作     者：Chen, Xi Wan, Yu Qi, Jingtao Zhao, Zipeng Ruan, Yirun Tang, Jun 

作者机构：Natl Univ Def Technol Lab big data & decis Changsha 410073 Peoples R China 

出 版 物：《COMPLEX & INTELLIGENT SYSTEMS》 (Complex Intell. Syst.)

年 卷 期：2025年第11卷第2期

页      面：1-19页

核心收录：

基　　金：National Natural Science Foundation of China 

主　　题：Coevolutionary algorithm Multi-objective combinatorial optimization Multi-objective immune algorithm Multi-UAV Task allocation problem 

摘      要：With the development of Unmanned Aerial Vehicle (UAV) technology towards multi-UAV and UAV swarm, multi-UAV cooperative task allocation has more and more influence on the success or failure of UAV missions. From the operational research point of view, such problems belong to high-dimensional combinatorial optimization problems, which makes the solving process face many challenges. One is that the discrete and high-dimensional decision variables make the quality of the solution obtained with acceptable time not guaranteed. Second, the desired solution of real missions often needs to satisfy multiple objective functions, or a set of solutions for decision-making.
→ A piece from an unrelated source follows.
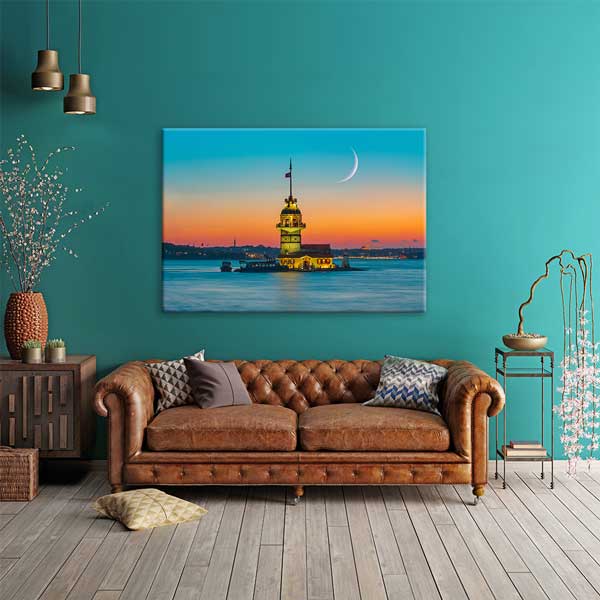 Kız Kulesi Gün Batımı Manzaralı Kanvas Tablo 12068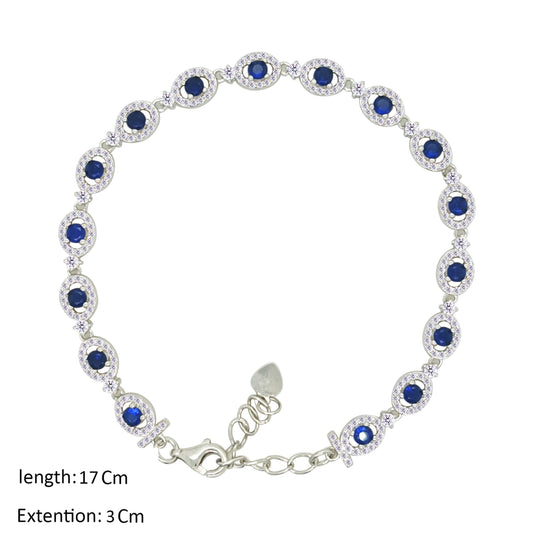 Asfour Crystal Tennis Bracelet With Blue Zircon Stones In 925 Sterling Silver-BM0084-WB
Therefore, this paper constructs a Multi-objective Combinatorial Optimization in Multi-UAV Task Allocation Problem (MCOTAP) model, and proposes a Bi-subpopulation Coevolutionary Immune Algorithm (BCIA). The two coevolutionary mechanisms improve the lower limit of population diversity, and the evolutionary strategy pool integrating multiple strategies and the adaptive strategy selection mechanism enhance the local search ability in the late evolution. In the experiments, BCIA competes fairly with the mainstream multi-objective evolutionary algorithms (MOEAs), multi-objective immune algorithms (MOIAs) and the recently proposed multi-UAV mission planning algorithms. The experimental results on different test problems (including several multi-objective combinatorial optimization benchmark problems and the proposed MCOTAP model) show that BCIA has superior performance in solving multi-objective combinatorial optimization problems (MCOPs). At the same time, the effectiveness of each design component of BCIA has been comprehensively verified in the ablation study.